Okay, the fine print. First, I’m not a new tenant signing a lease agreement—remember, I actually live in Canada (eh, Justin, just find the keys and open the border already!). The place is only mine for a few days and I got it on Booking.com. Second, it’s small—17 square metres (180 square feet if it makes more sense to you). There’s nothing to put my stuff away—no closet, no shelves, nothing but a metal picnic table and two foldable wooden chairs, the kind you could use on your patio. Forget about your sex-in-the-shower fantasy, an average-size person can barely fit into the cabin. Also, there are no clean 90-degree angles anywhere so I’m guessing even IKEA storage solutions wouldn’t be an option.
It’s basically your typical “chambre de bonne” top-floor Parisian apartment, i.e. a tiny liveable space under the roofs intended for domestics.
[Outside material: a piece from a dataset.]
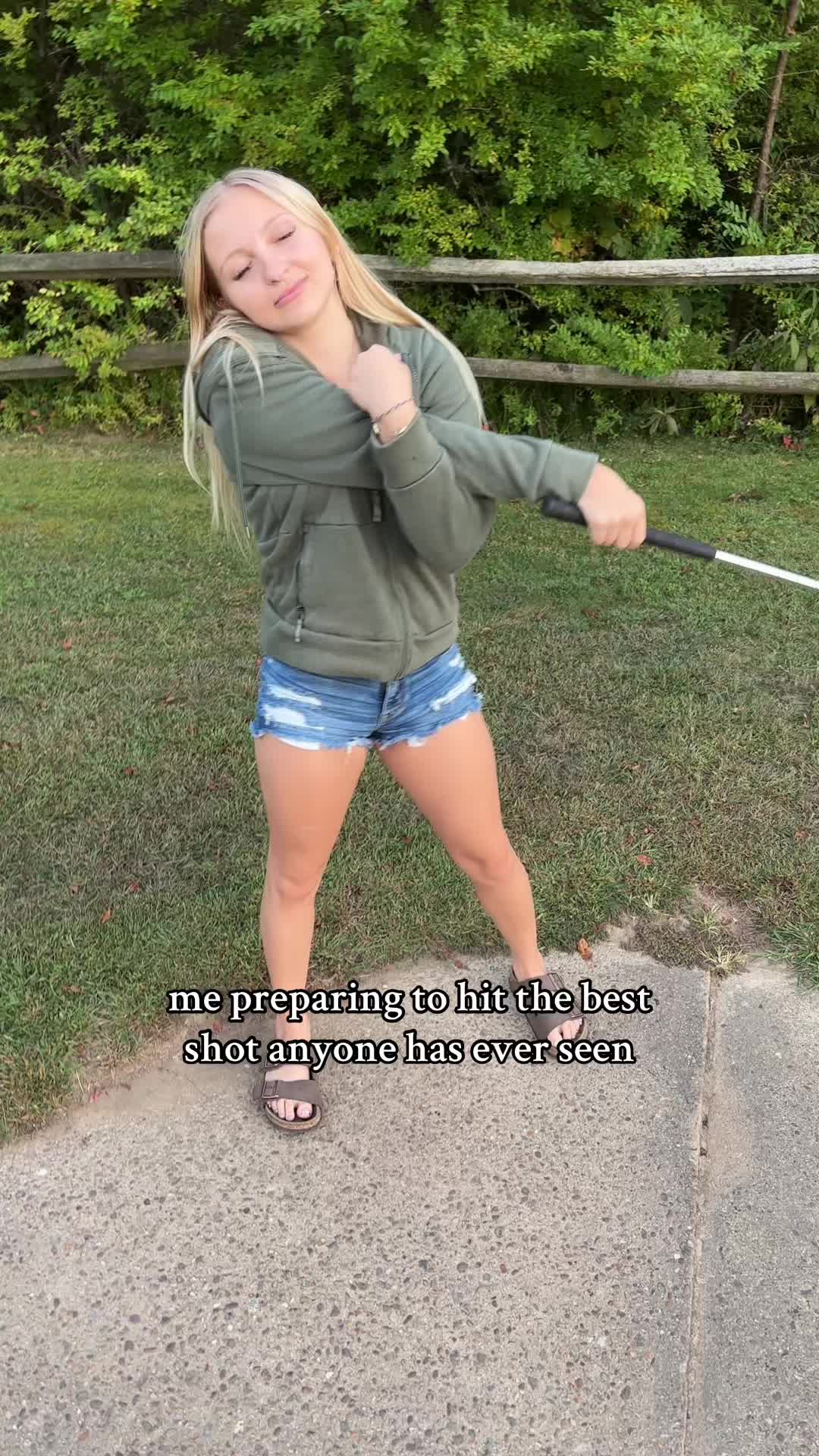@lillycarns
There are plenty of them in posh districts and you can expect to pay up to €600 for cramped conditions—welcome to Paris.
This place is actually a nice former “chambre de bonne. ” I stayed in apartments smaller than this with friends and relatives.
In 2001, I gave up on Paris before even attempting to live here. I was about to graduate from high school and the only university in France where I could keep on studying Mandarin was in Paris. It sounded like an exciting option but five trips scouting trips to Paris later, I realized there was no way I could afford to live in the City of Lights. I mean, I was 18, I had a scholarship but no money—and inconveniently, neither did my parents. Landlords would have laughed at my application. Parents of a friend ended up buying her a small apartment in Paris and another one put one year’s worth of rent upfront.
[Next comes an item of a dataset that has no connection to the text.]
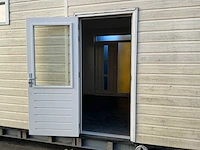 Woonunit / mantelzorgwoning - afbeelding 2 van  28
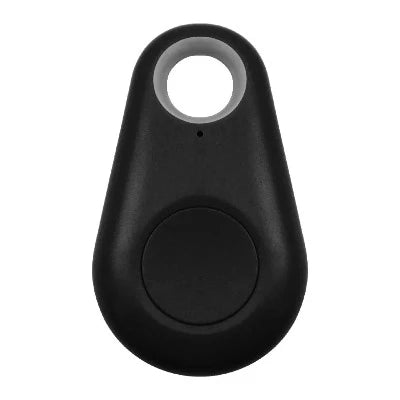 Smart Mini GPS Para Pets Cachorro/Gato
I still graduated from my Parisian university four years later but I never lived in Paris. Instead, I spent time in China (living rent-free through an internship), then I went backpacking and I secured some kind of informal distance learning agreement with most teachers, going to Paris for a few days at the time when I really had to. It worked out just fine for me.
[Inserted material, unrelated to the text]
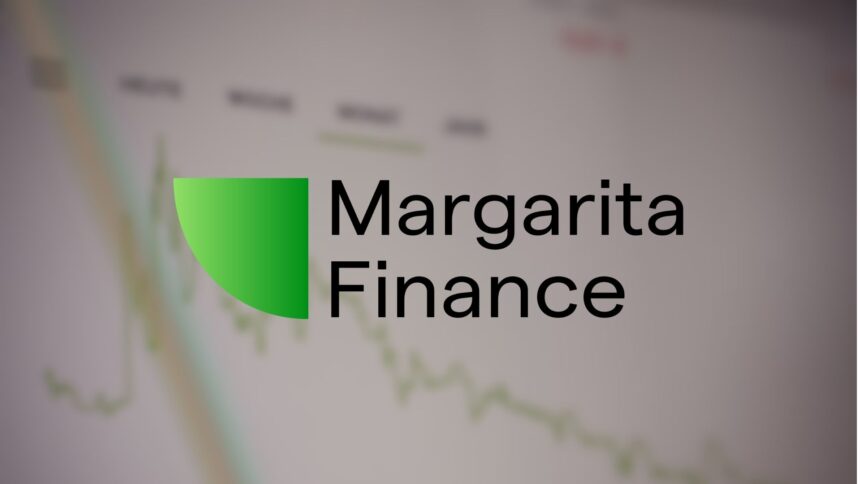 Margarita Finance unveils AI-powered trading agent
I slept under tables, in trains, in train stations and other unlikely places when I had to go to Paris to pick up course materials or take exams.
If there’s one thing I learned, it’s that Paris is one of these places where you need a clean and safe place to stay to appreciate the city. I used to hate going to Paris because it meant eating soggy supermarket sandwiches, feeling like a bum couch surfing and not being able to afford anything.
I rediscovered the city with Feng. I probably still can’t afford to live in Paris but I have more money than I had at 18 and I’m wiser too—I’m going to enjoy my tiny place for a few days.





Nice !!
Got lucky 😉
your live-in-paris story reminds me of one of my friend. She grew up in Medan (it’s in North Sumatra if you have to time to google :D, pursue college in Bandung, then worked in Malaysia, then move several time in Middle East region).
2 years ago she decided to move to Jakarta, because…she’s somewhat Indonesian- middle class yet never live in capital city :)) she does;t enjoy her time here, plan to move back to Middle East I guess. but she tried.
Wow, that’s a busy life lived in several very different places! Trying is the important part I suppose, so that there’s no regrets.